Burlington is a small city and the tolling bells can be heard all over town at most hours of the day and night. It’s quiet here, especially with the college students away on summer break. Lawn mowers drone on Saturday mornings, if the weather is clear and in the evenings you can still find people out for a stroll or visiting on a front porch.
Many of my fellow citizens are dog owners and the city has a scoop law, which I’d say is observed about half the time. Pedestrians are well-advised to step lightly in parks and playgrounds, especially those designated as “leash-free zones.” I’ve always wondered what dogs think of scoop laws. None of the concepts involved are beyond the reach of the canine mind.

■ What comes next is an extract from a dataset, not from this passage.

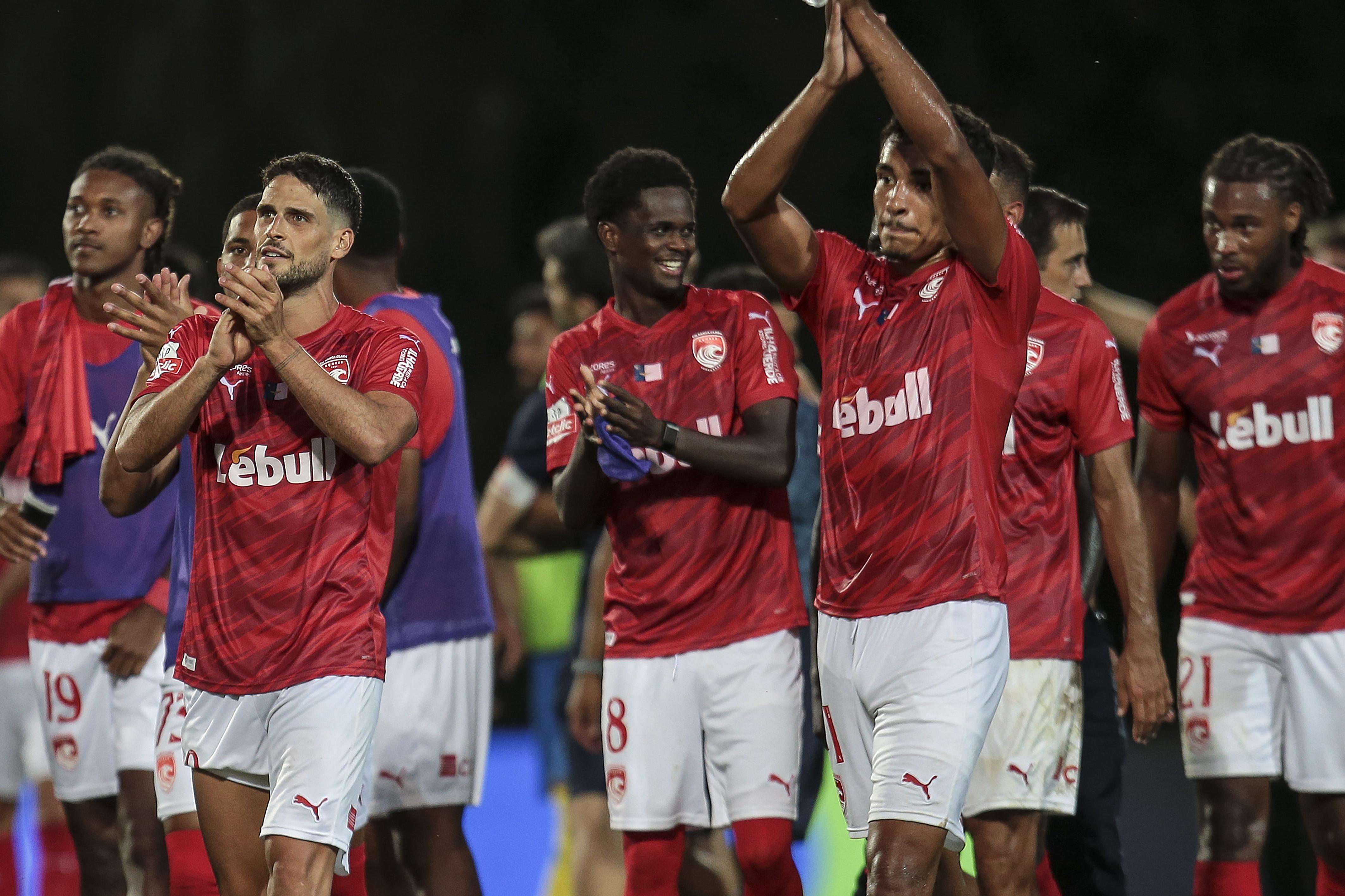 O Santa Clara ainda não perdeu na Liga. -Foto: Manuel Fernando Araújo/LUSA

They’re obviously familiar with their own turds and they know the humans become agitated if the turds are deposited in the house. When the humans return from wherever it is they go, the leash is snapped on and the dog is encouraged to deposit turds in a public space. When this is successfully accomplished, the humans gather the turds, put them in a bag and bring them home. Worse still, many humans will tie the turd-filled bag to the dog’s leash, where gravity will pull it down until it is swinging its pendulous weight against the poor animal’s face, as if to announce “Look what he did!” A dog’s eyes are capable of expressing confusion and shame and distress and I have seen all these emotions on the faces of canine Burlingtonians.
Our downstairs neighbor had a dog, but the two of them moved out last month, which is fine, because the woman did not heed the local scoop law, and I would be filled with apprehension on those mornings when I heard the recycling truck driving up the street and rushed out in bare feet with my blue bin.

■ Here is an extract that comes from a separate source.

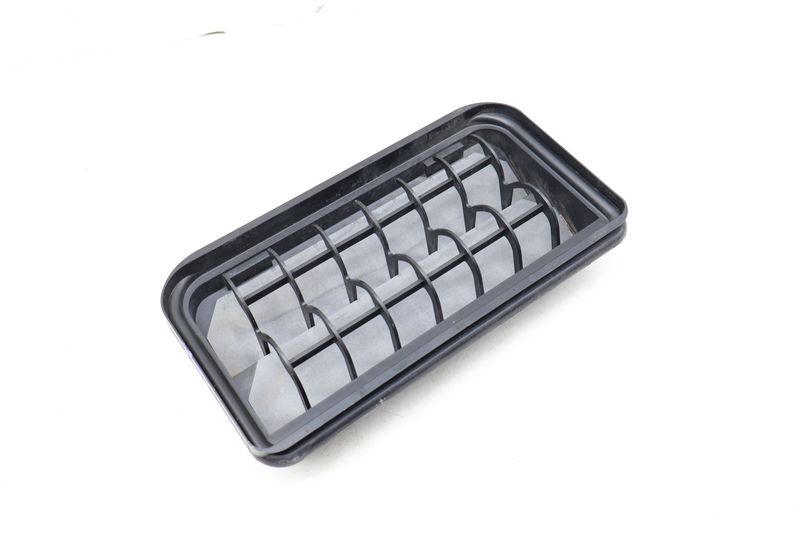 Air Vent Trim 3C0819465 — Used (SKU 675011)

In the evening I’ll come home to find a few empty recycling bins scattered across the sidewalk. I always study their pattern for a moment before I pick up my own. The strewn bins remind me of a postmodern I Ching, and I wonder if their spatial relation holds some prophecy for my future.

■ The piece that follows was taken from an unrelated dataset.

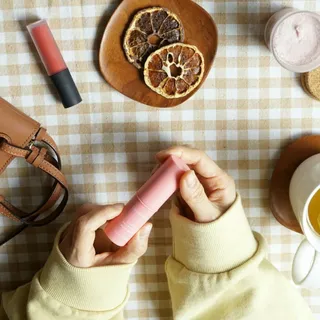 스킨큐어 산다화 카멜리아 안티 링클 멀티밤 — 4점을 준 리뷰어가 2022년 4월 올린 사용 사진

The new neighbors moved in and one of them happened to sitting on the stoop when the postal carrier arrived. It seems the mailboxes on our building are not up to code. They are not large enough, have insubstantial lids and the whole lot of them should be arrayed in a vertical fashion instead of their current horizontal configuration. Michael, my neighbor, apologized and offered to buy a new mailbox right away. No, the letter carrier said, it’s the landlord’s responsibility and warned that an official reprimand will be forthcoming. The postman stormed off, leaving Michael a bit dazed.
To me, that’s the charm of small-town life. You get to rub up against everyone’s idiosyncracies. It’s not a desert island, there are no hidden cameras to broadcast our reactions to the nation. It’s not reality television, it’s just reality and no one gets a million dollars for sticking it out. We get another day in the neighborhood and that’s more than enough reward.
In The Neighborhood
Every hour, on the hour, or close to it, I hear bells toll in Burlington. First there’s the United Methodist Church on College Street. What I hear is not really bells, but some mechanical or electric device. Thirty seconds or so later, I hear the same hour struck from the cupola of city hall. I like to think the interval between the chimes is our chronological separation of church and state.
Burlington is a small city and the tolling bells can be heard all over town at most hours of the day and night. It’s quiet here, especially with the college students away on summer break. Lawn mowers drone on Saturday mornings, if the weather is clear and in the evenings you can still find people out for a stroll or visiting on a front porch.
Many of my fellow citizens are dog owners and the city has a scoop law, which I’d say is observed about half the time. Pedestrians are well-advised to step lightly in parks and playgrounds, especially those designated as “leash-free zones.” I’ve always wondered what dogs think of scoop laws. None of the concepts involved are beyond the reach of the canine mind. They’re obviously familiar with their own turds and they know the humans become agitated if the turds are deposited in the house. When the humans return from wherever it is they go, the leash is snapped on and the dog is encouraged to deposit turds in a public space. When this is successfully accomplished, the humans gather the turds, put them in a bag and bring them home. Worse still, many humans will tie the turd-filled bag to the dog’s leash, where gravity will pull it down until it is swinging its pendulous weight against the poor animal’s face, as if to announce “Look what he did!” A dog’s eyes are capable of expressing confusion and shame and distress and I have seen all these emotions on the faces of canine Burlingtonians.
Our downstairs neighbor had a dog, but the two of them moved out last month, which is fine, because the woman did not heed the local scoop law, and I would be filled with apprehension on those mornings when I heard the recycling truck driving up the street and rushed out in bare feet with my blue bin.
In the evening I’ll come home to find a few empty recycling bins scattered across the sidewalk. I always study their pattern for a moment before I pick up my own. The strewn bins remind me of a postmodern I Ching, and I wonder if their spatial relation holds some prophecy for my future.
The new neighbors moved in and one of them happened to sitting on the stoop when the postal carrier arrived. It seems the mailboxes on our building are not up to code. They are not large enough, have insubstantial lids and the whole lot of them should be arrayed in a vertical fashion instead of their current horizontal configuration. Michael, my neighbor, apologized and offered to buy a new mailbox right away. No, the letter carrier said, it’s the landlord’s responsibility and warned that an official reprimand will be forthcoming. The postman stormed off, leaving Michael a bit dazed.
To me, that’s the charm of small-town life. You get to rub up against everyone’s idiosyncracies. It’s not a desert island, there are no hidden cameras to broadcast our reactions to the nation. It’s not reality television, it’s just reality and no one gets a million dollars for sticking it out. We get another day in the neighborhood and that’s more than enough reward.